> [Data]:

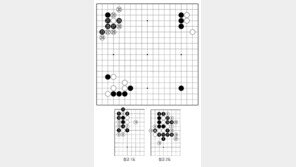 [바둑]알파고 vs 알파고 특선보… 3·3 정석의 진화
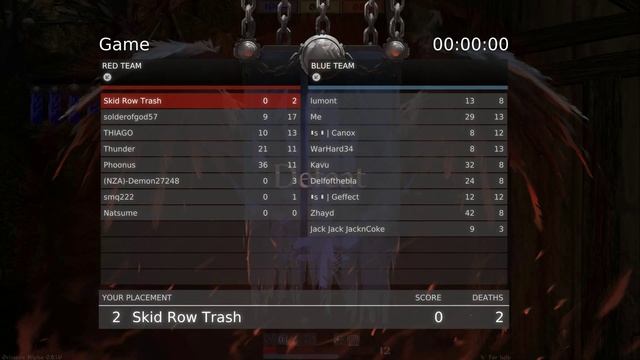 Lets Try Games - GRIMOIRE MANASTORM - Using Trees To Defeat Enemies смотреть онлайн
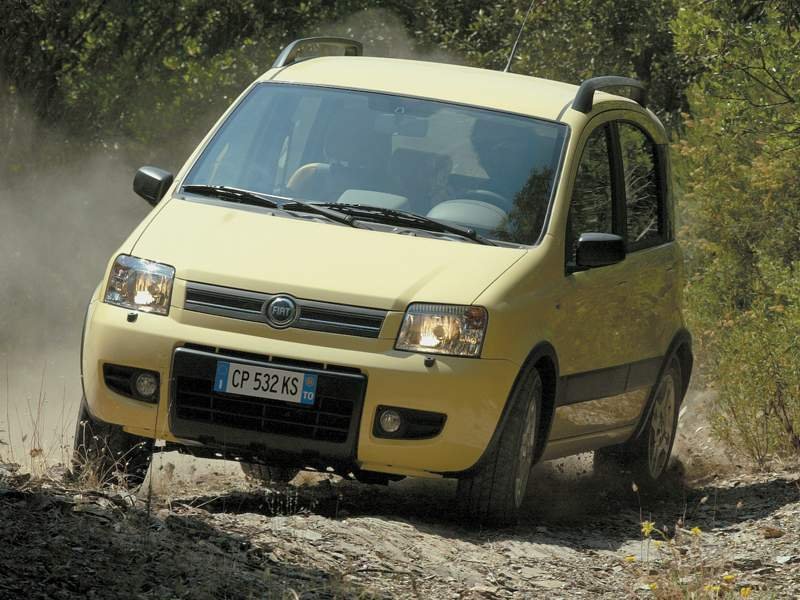 Fiat Panda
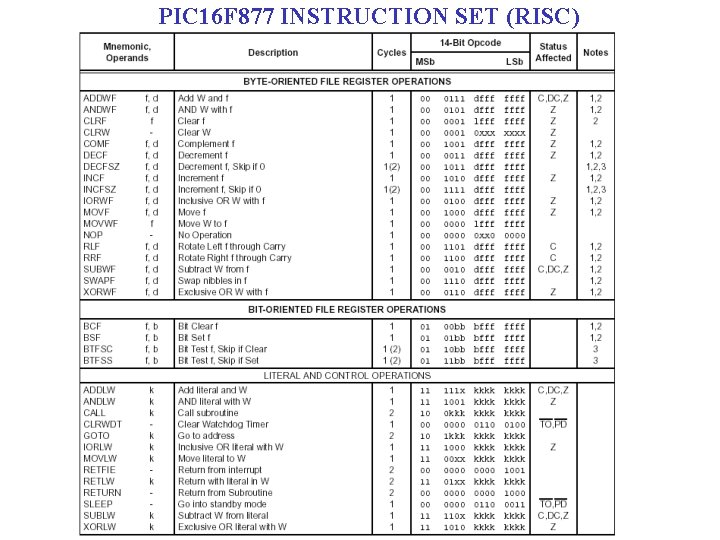 PIC 16 F 877 INSTRUCTION SET (RISC) 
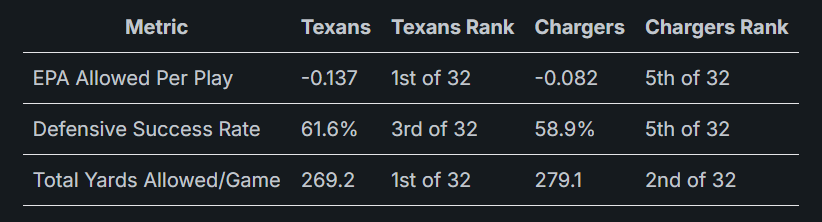 matushka1976's tweet image. The Houston Texans defense is the talk of the NFL. Chargers defense is underrated. Are they really that far apart?

Based on the data through Week 15 of the 2025 NFL season, here's how the LA Chargers and Houston Texans defenses compare across key metrics:

Overall Defensive…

> [To do]:
Leave out all pictures and output each line exactly, from the top of the records through the line that holds "PIC 16 F 877 INSTRUCTION SET (RISC)".

> [Your solution]:
 [바둑]알파고 vs 알파고 특선보… 3·3 정석의 진화
 Lets Try Games - GRIMOIRE MANASTORM - Using Trees To Defeat Enemies смотреть онлайн
 Fiat Panda
 PIC 16 F 877 INSTRUCTION SET (RISC) 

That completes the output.